Assignment:
Set down a true copy of the data, with all pictures left out.

Data extract Start Marker

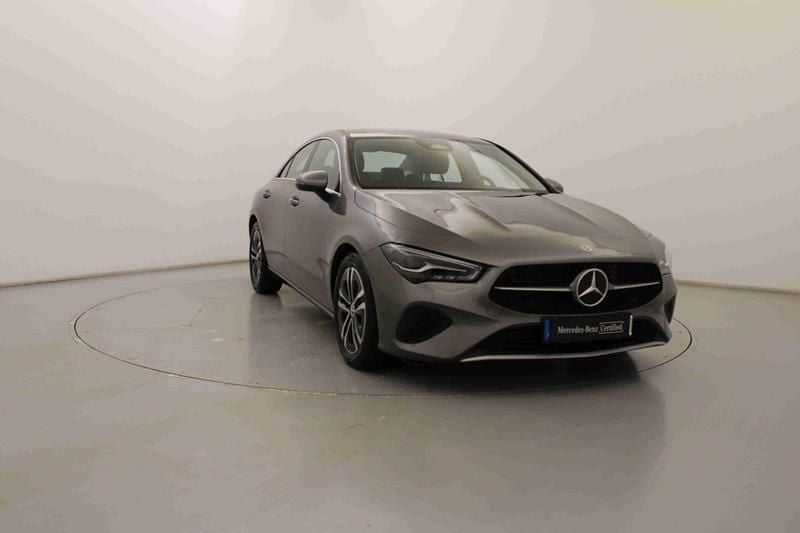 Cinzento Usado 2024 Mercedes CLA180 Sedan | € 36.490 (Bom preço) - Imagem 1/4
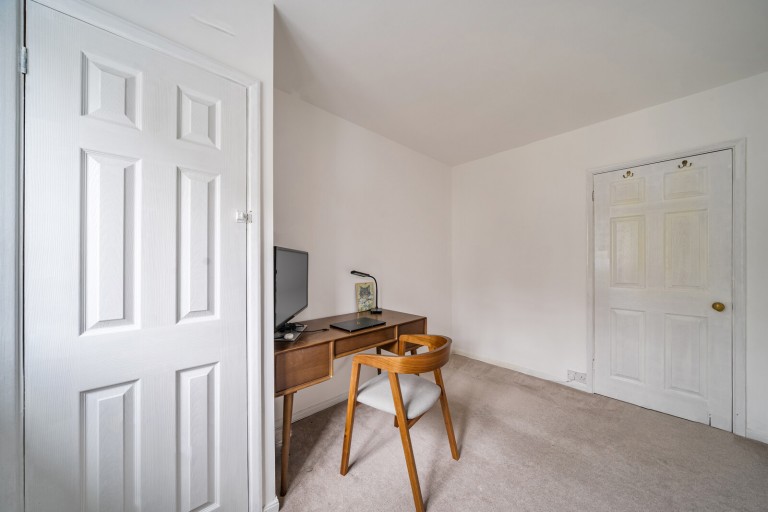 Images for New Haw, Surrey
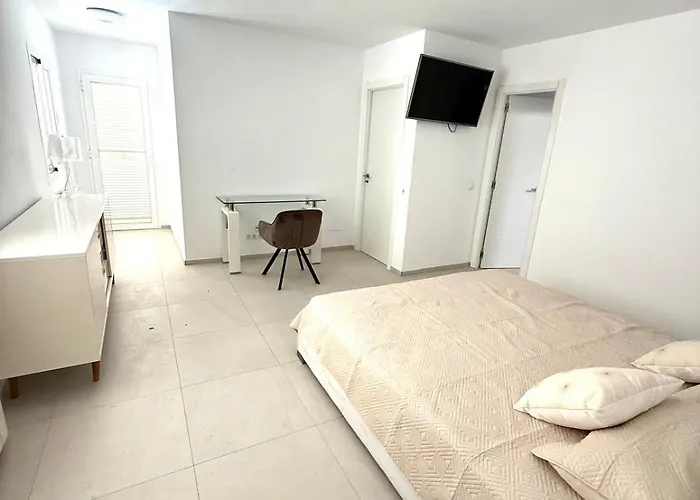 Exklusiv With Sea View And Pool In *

Data extract End Marker

Task response:
 Cinzento Usado 2024 Mercedes CLA180 Sedan | € 36.490 (Bom preço) - Imagem 1/4
 Images for New Haw, Surrey
 Exklusiv With Sea View And Pool In *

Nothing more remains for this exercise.